Most of Smith’s talk focused on her career at Arena, where she commissioned dozens of new plays, created a new theater space, and searched for D.C.’s voice by staging political plays. During her tenure, Smith shifted the theater’s focus to American artists, ideas, and stories, producing work by established and emerging writers. She modernized plays through casting, interpretation, and approved line changes; promoting women writers and diversity; and providing living wages and benefits for writers-in-residence.  

“I’ve always had great admiration and respect for the work Smith did at Arena Stage. It was smart but also courageous to commit to focusing on American plays and playwrights.”  

— Professor Dale Daigle, director of the Daniel Z. Gibson Center for the Arts, who organized Smith’s visit

“American theater means tackling big ideas,” Smith said Wednesday. “We live in a world of multiple experiences, races, genders, religions, cultures, and more. I want my work to reflect that world and allow it to illuminate the material.”  

Commissioning new works is a “radical act” in the theater, Smith said, because it takes a risk in the hopes that “a great new play will be birthed.”  

“Follow the artist because the artist always knows where they’re going. You can support, you can nudge, you can give them inspiration, but it’s their job to write what is within them,” she said.  

Smith told stories of working on new plays, with different writers, and on cutting-edge projects.
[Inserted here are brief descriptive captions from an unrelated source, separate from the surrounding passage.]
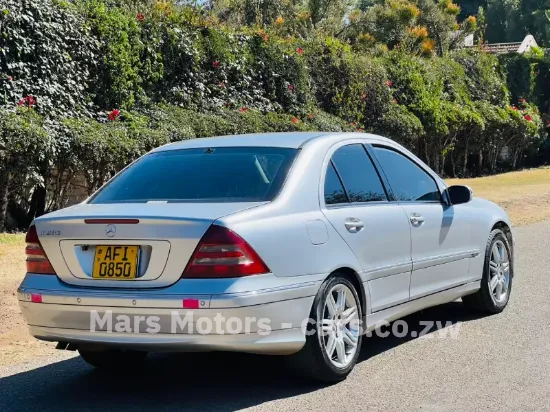 Picture of Mercedes Benz C-Class 2004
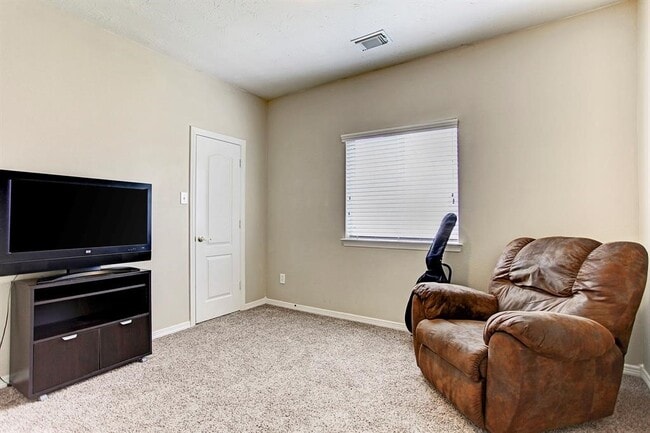 Building Photo - 9211 Hidden Lake E Dr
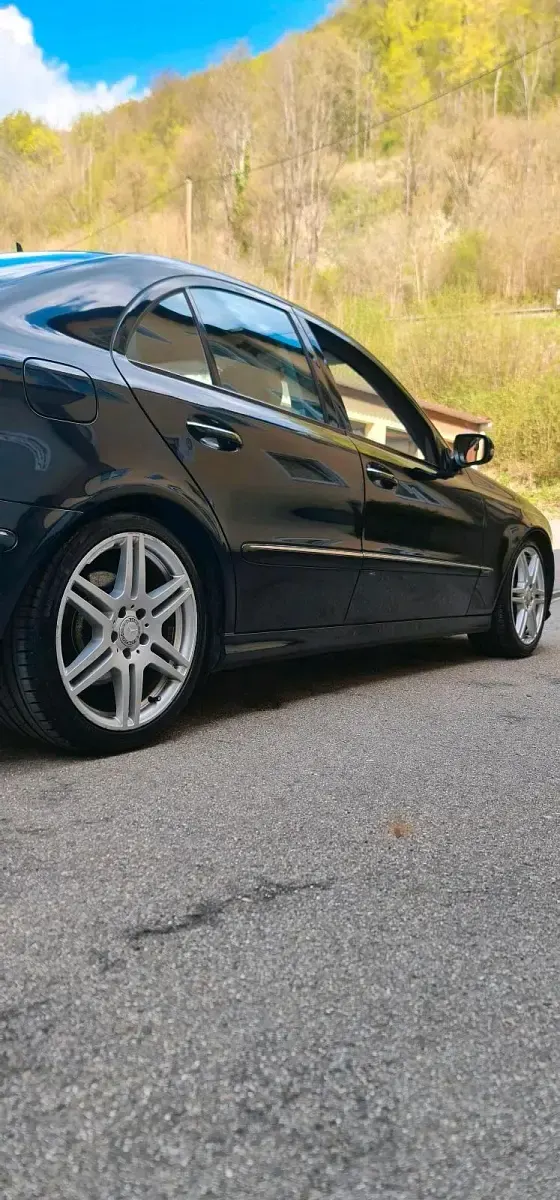 Gebraucht Mercedes E350 272 PS (200 kW) 2007 Schwarz Limousine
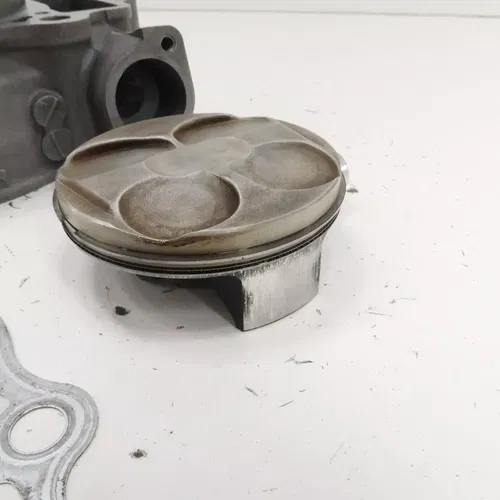 Honda CRF250R - Stock Cylinder w/ Piston - SEE DESCRIPTION - 2004 CRF 250R OEM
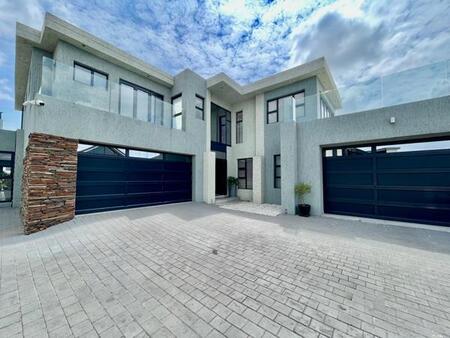5 Bedroom House in Glen Marais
She said she knew she was seeing something important when the hair on the back of her neck stood up, which comes from experience and can’t be taught.  

She spoke about working with writers at various points in their projects, from commissioning ideas to workshopping and editing so they are in their best form to tell the story.  

“To have a great theater, you need great artists, and great writers. And I tell you what else, you need a great audience. If you don’t have a great audience, you have nothing,” Smith said.  

During the question-and-answer portion, one attendee said there has been a loss of investment in the individual artist and asked how people in the arts can convince political and philanthropic leaders to shift money back to the artist.  

“America is an innovative powerhouse,” Smith said. It needs to be able to promote new ideas and the arts in more provocative ways. “Our greatest gift in the theater is free speech and our imagination, because no one can take our imagination away from us.”  

She added that she thinks a shift back into investing in the arts is on the horizon as people see the impact of more of these institutions going away.  

One student said that she had recently found her spark in the theater and asked Smith how to continue to cultivate it.  

Creative individuals must surround themselves with others who will support them, Smith said. When she was a child Smith’s mother told her that when she found what she loved, no one would be able to stop her. “You need to find people who support you and love you and tell you (that) you can do anything. Get rid of the naysayers, get rid of the people who don’t support you.”  

But not every project or artist succeeds in the industry. Smith said it was just as important to dissect successes to see how they were achieved as it is to dissect failures.  

Despite failures, “regret is not an option. It’s always ‘what’s next,’” Smith said, and recognizing the opportunities walking through the door.  

“If you have friends who are writers, as directors, say to them, ‘I’ll put together actors, we can get together and hear your work.’ Start building those collaborations now, because these are the people that will sustain you 20 years from now,” she said.  “Believe in the project so much that everyone follows you to the ends of the earth.”